Second, the authors cite a lack of evidence that change in CRP directly links to prevention. Whether CRP is causal or not does not limit its use as a predictive marker. The same criterion has not been applied to other risk factors such as high-density lipoprotein (HDL) cholesterol, which has been well-accepted as a risk marker for decades. There is a notable lack of randomized trial data showing that raising HDL directly leads to the prevention of cardiovascular events (4).
Third, while the focus on risk reclassification is appreciated, this is not the most meaningful measure of a marker's value as stated. JUPITER presents stronger evidence, showing that those above and below a Framingham risk of 10% but with high CRP both experienced the same sizeable reduction in risk. Given these results, whether these individuals would be reclassified into a higher risk group seems moot for clinical utility and only relevant for cost-effectiveness analyses.
The authors should take note of a recent statement from the AHA regarding the evaluation of novel markers (5). This proposes phases, including case-control studies, prospective evaluation, and incremental value, all of which the USPSTF agrees are fulfilled by CRP. Additional phases are clinical utility, evaluating whether a novel marker changes predicted risk enough to change therapy. Risk reclassification suggests that this is true for CRP, comparable to well-accepted markers. A stronger criterion is whether use of the marker improves clinical outcomes, especially in randomized trials. JUPITER used CRP to identify individuals who would not otherwise be treated, and found a substantial reduction in cardiovascular events. A final question is whether the additional costs of testing and treatment are justified. The low cost of the test and the dramatic results of treatment should make this simple test worthwhile in avoiding cardiovascular events and perhaps saving lives.
1. Buckley DI, Fu R, Freeman M, Rogers K, Helfand M. C-reactive protein as a risk factor for coronary heart disease: A systematic review and meta-analyses for the U.S. Preventive Services Task Force. Ann Intern Med. 2009;151:483-95.
2. Ridker PM, Paynter NP, Rifai N, Gaziano JM, Cook NR. C-reactive protein and parental history improve global cardiovascular risk prediction: the Reynolds Risk Score for men. Circulation. 2008;118:2243- 51.

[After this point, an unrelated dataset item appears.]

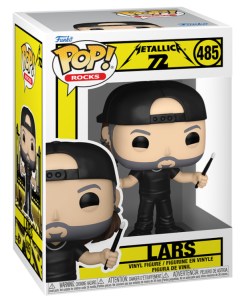 FUNKO POP Rocks Metallica Lars Ulrich 485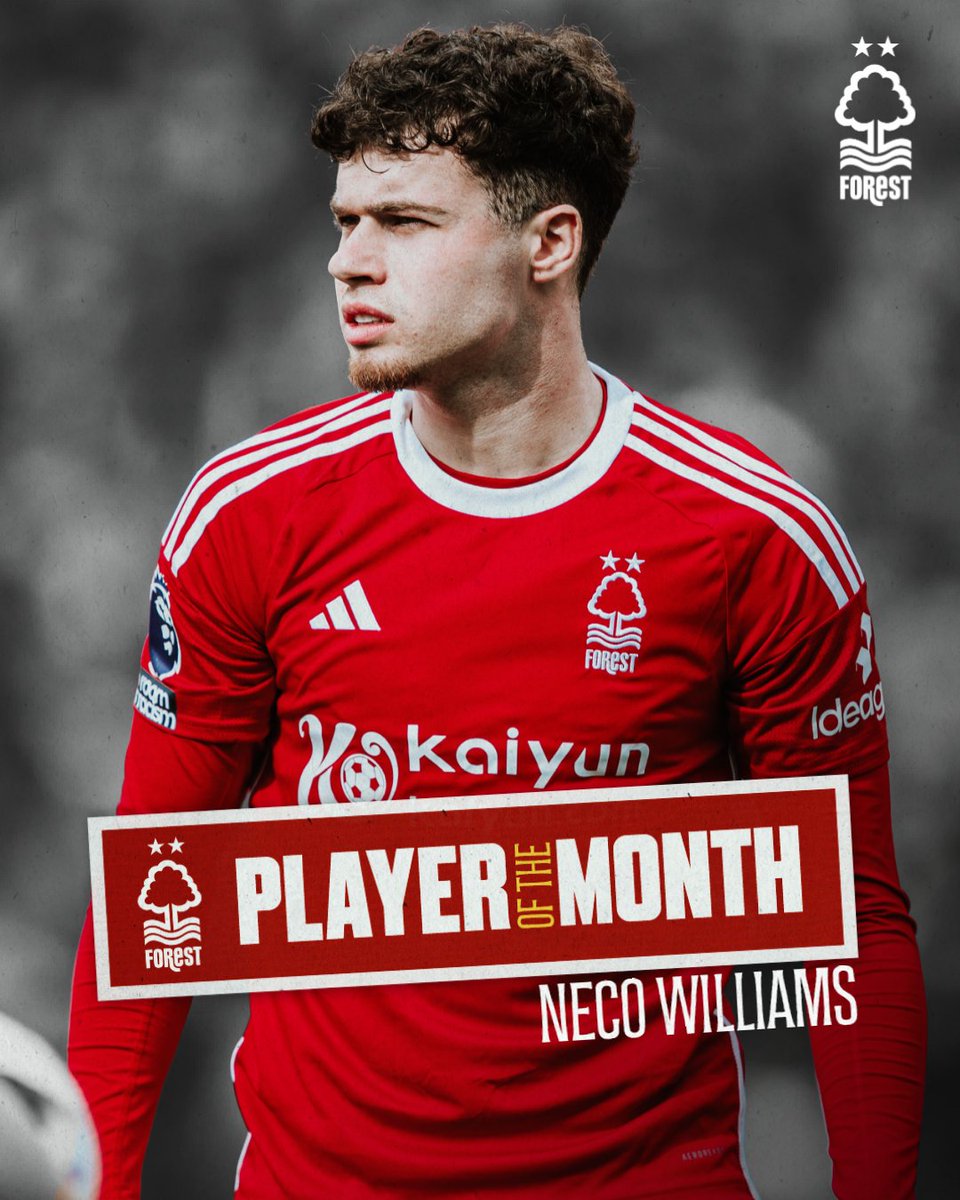 For a third month in a row 🔥 @necowilliams01 is your April Player of the Month! 🤩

3. Wilson PWF, Pencina M, Jacques P, Selhub J, D'Agostino Sr R, O'Donnell CJ. C-reactive protein and reclassification of cardiovascular risk in the Framingham Heart Study. Circ Cardiovasc Qual Outcomes. 2008;1:92-97.
4. Pfeffer MA, Sacks FM. Leapfrogging data: No shortcuts for safety or efficacy information. Circulation. 2008;118:2491-4.
5. Hlatky MA, Greenland P, Arnett DK, et al. Criteria for evaluation of novel markers of cardiovascular risk: a scientific statement from the American Heart Association. Circulation. 2009;119:2408-16.
David I. Buckley
Oregon Evidence-based Practice Center; Oregon Health & Science University
January 11, 2010
The Authors Respond
Dr. Cook asserts that, in our systematic review and assessment of the body of evidence (1), we conclude that "routine screening of CRP cannot be recommended." This is incorrect. We made no recommendations about routine screening. Rather, we presented our findings to the US Preventive Services Task Force (USPSTF), which is solely responsible for USPSTF recommendations.
We found that CRP is associated with CHD events and adding CRP level to a global risk score among initially intermediate-risk persons reclassifies some patients. However, we found that the benefit of reclassifying patients in this manner is uncertain (1).
We agree that direct causality is not an essential criterion. We also agree that a marker's ability to improve clinical outcomes is better evidence of usefulness than its ability to improve risk classification; but we disagree about whether or not CRP meets this criterion. Reclassification means that CRP identifies some patients for more intensive treatment, and not others. Is it really a better way of selecting patients for more intensive treatment than alternatives? For example, would randomly selected intermediate-risk patients benefit as much from intensive statin therapy? A trial that compares CRP testing to no CRP testing, or one that compares treatment in patients with high CRP levels to patients with intermediate or low CRP, could answer this question.
JUPITER, a trial of high-dose statin treatment, did neither (2). It found that high-dose statin treatment improved CVD outcomes in subjects with an elevated CRP, but did not test the hypothesis that use of CRP improves outcomes compared with the alternative of intensifying therapy without a CRP test. JUPITER did not determine whether reclassification based on CRP might identify intermediate risk patients who are most likely to benefit from high dose statin therapy in addition to therapeutic lifestyle changes. For example, JUPITER excluded intermediate risk patients with LDL levels above 130 mg/dL, a group that might also be considered for intensifying therapy.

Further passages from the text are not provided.